Brief descriptive captions:

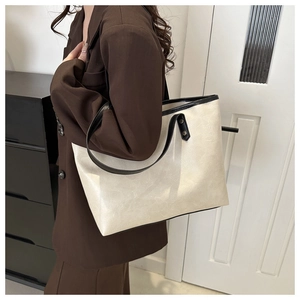 Detail view of cream tote bag with black strap contrast and textured leather finish
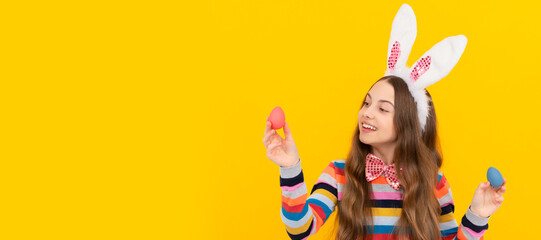 cheerful child in bunny ears and bow tie hold easter eggs on yellow background. Easter child horizontal poster. Web banner header of bunny kid, copy space.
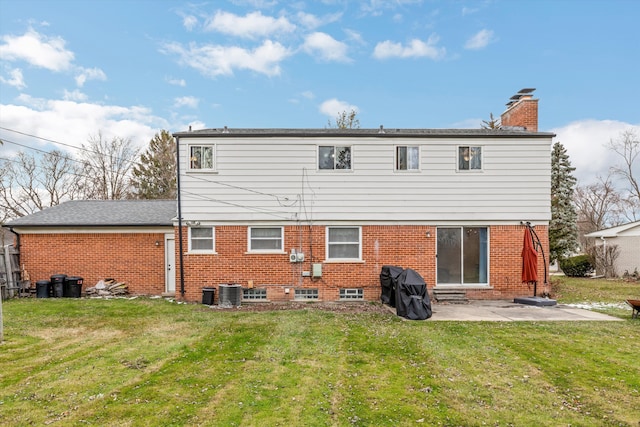 rear view of property with a lawn, cooling unit, and a patio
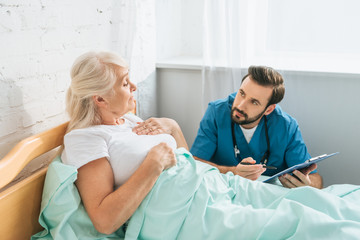 Wall Mural - doctor writing on clipboard and looking at sick senior woman lying in hospital bed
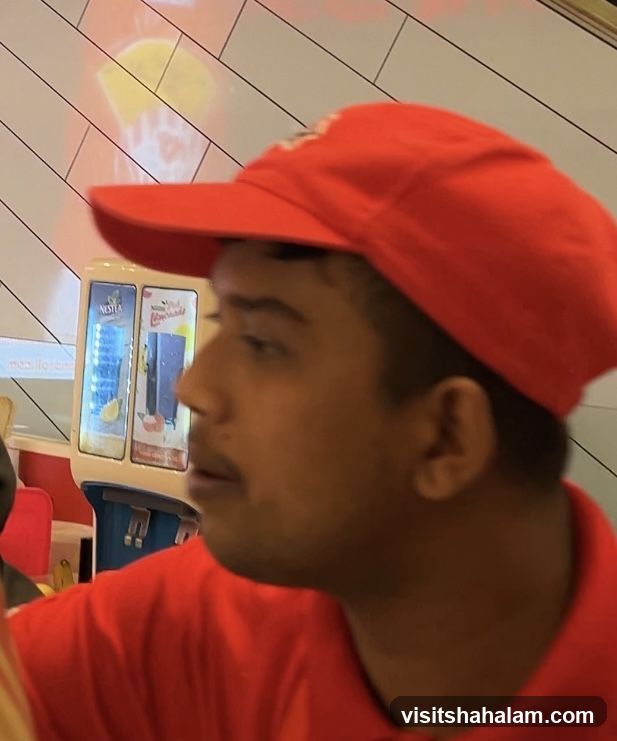 Employee at a Beverage Station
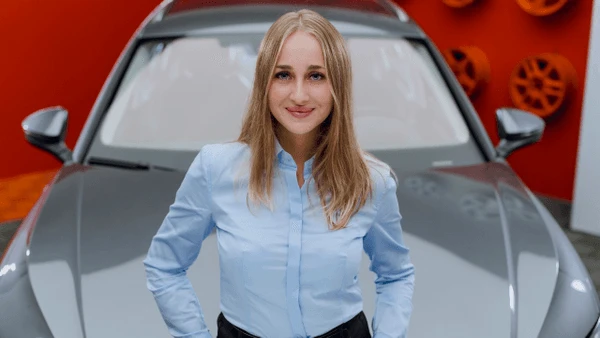 Młoda kobieta w niebieskiej koszuli stoi z uśmiechem przed nowoczesnym samochodem na tle czerwonej ściany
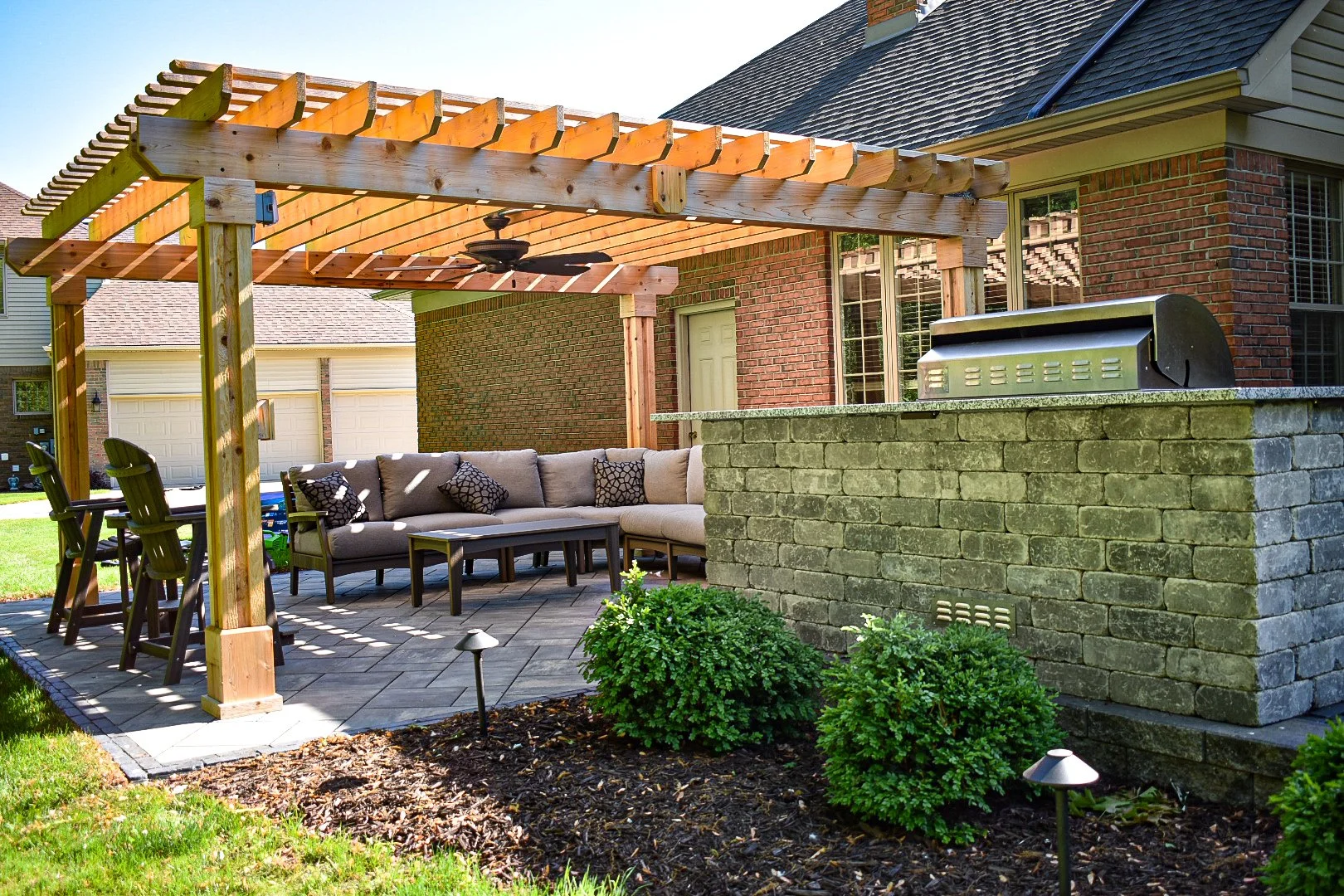 Backyard patio with a wooden pergola, outdoor sofa, chairs, brick barbecue station, and landscaped plants in front of a brick house.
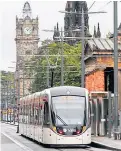  ??  ?? An Edinburgh tram.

Problem description:
With the pictures excluded, transcribe word for word only the lines from the one containing "cheerful child in" through the last line of the records.

Exercise solution:
 cheerful child in bunny ears and bow tie hold easter eggs on yellow background. Easter child horizontal poster. Web banner header of bunny kid, copy space.
 rear view of property with a lawn, cooling unit, and a patio
 Wall Mural - doctor writing on clipboard and looking at sick senior woman lying in hospital bed
 Employee at a Beverage Station
 Młoda kobieta w niebieskiej koszuli stoi z uśmiechem przed nowoczesnym samochodem na tle czerwonej ściany
 Backyard patio with a wooden pergola, outdoor sofa, chairs, brick barbecue station, and landscaped plants in front of a brick house.
  ??  ?? An Edinburgh tram.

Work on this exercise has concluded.